Everything seems a bit haywire when you enter the exhibition at the gallery Hair de Paris: it is hard to describe that sense of altered reality you sometimes get when you see minor details which, taken together, produce a delirious overall picture.

The title of the exhibition, Never send flowers, already has a strange perfume to it: because naming things is always tricky, Mrzyk & Moriceau came up with the smart idea of drawing systematically on the titles of James Bond novels, which works out well as there are more than eighty of them, so they can see what is coming without any fuss. It is worth noting that these titles take up recurring themes, organised as follows in order of importance: death, love, enemies, places experienced, followed by a few that seem to fall into the category of the ‘somewhat incomprehensible’. Never send flowers is one such title. Until we find out that Bond is on the trail of a former stage actor, a shifty character called David Dragonpol, and quickly discovers that Dragonpol’s sister is linked to all the murders in the plot: she cultivates a variety of rose that is found at the funeral of every victim.

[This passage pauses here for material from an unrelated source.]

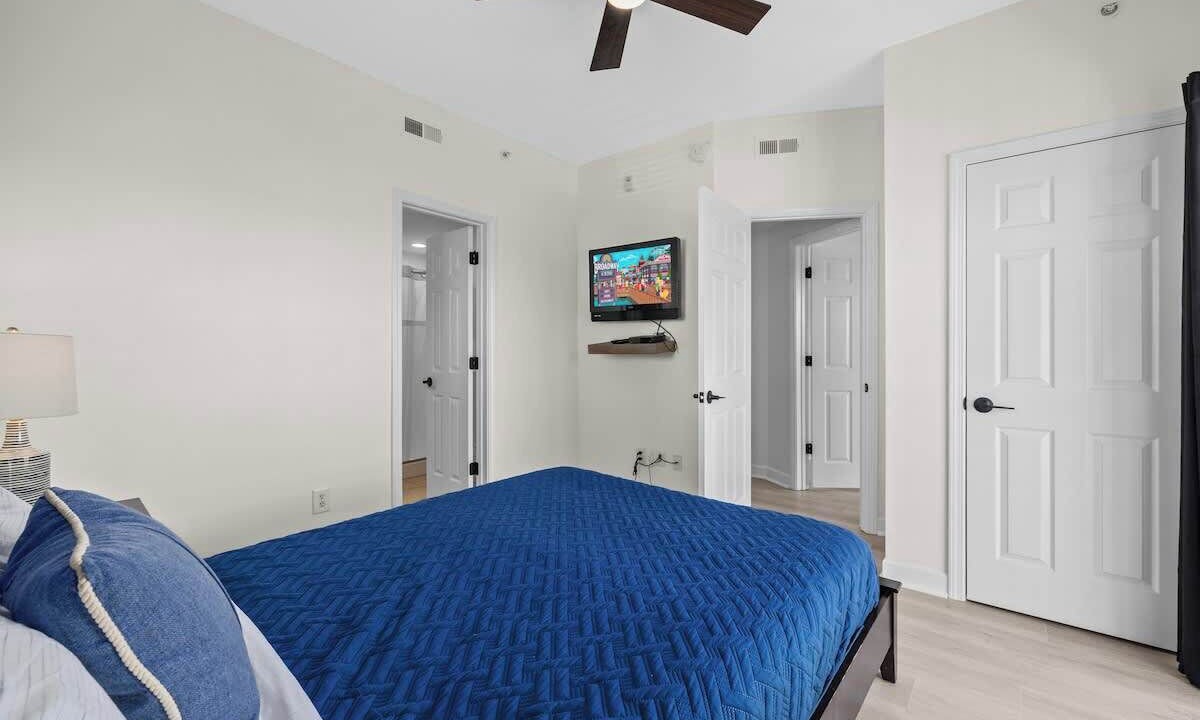 Photo of Bedroom in Cherry Grove Beach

After this taster evoking flowers and corpses, Mrzyk & Moriceau’s exhibition opens into a group of coloured ceramics, a practice the artist duo has recently been exploring. An elongated platform suggests the idea of a catwalk: on parade are a medieval crakow (or long-toed shoe), a cowboy boot with fungus growing on it, an open-toe slipper, a sock-and-sandal combo in the wrong size, and a moccasin-style nubuck loafer. Along with a chicken’s foot and a human hand. And it turns out that these different fragments of bodies, shoes topped with socks and boots all resemble vases, the containers in which we carefully arrange the bouquets we never send.

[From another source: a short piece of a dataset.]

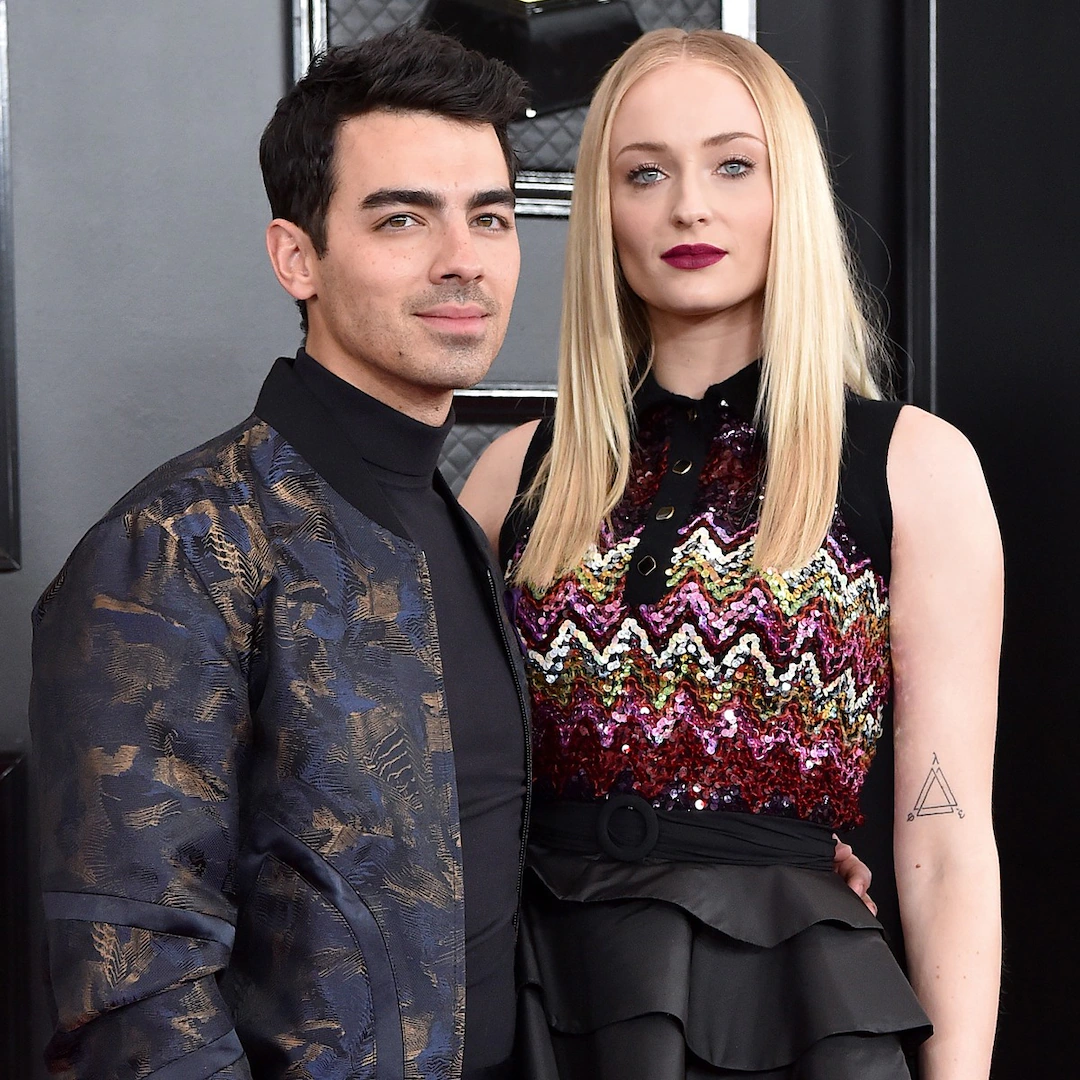 Pregnant Sophie Turner and Joe Jonas Are Burnin’ Up Paris Fashion Week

In this first room, other ceramic objects continue the work’s peculiar spirit of something gone awry, inscribed in a dynamic world of the imagination, everything sliding into the unpredictable and unexpected, shifting between games of analogy and games of displacement. Cigarette butts show up on the rims of mugs, earthworms scroll away on iPhones, a slice of pizza gets all origummy-chummy with a paper plane: concrete reality hangs out with the supernatural, the identifiable never strays far from the bizarre. Carelman’s Catalogue d’objets introuvables come to mind: these ceramics would slot in perfectly between the glove shoes for foot jugglers and the soft pincers. This quirky collection is rounded off by twelve drawings exploring Mrzyk & Moriceau’s favourite themes: brains and dogs, uninhibited fruit and vegetables, and sexual pastimes. Three delirious drawings, stuffed with recurring motifs that are nonetheless incongruous, are indicative of how the energy of these spontaneous drawings runs riot, when the hand is freed from the brain’s injunctions and expresses all its figurative urges. Finally, a tempest of eyes is let loose on four glass panels placed one on top of the other, combining the characteristics of transparency and obscuration with focal points and openings in the material, a flip-through device inspired by old-fashioned cartoon cellulos.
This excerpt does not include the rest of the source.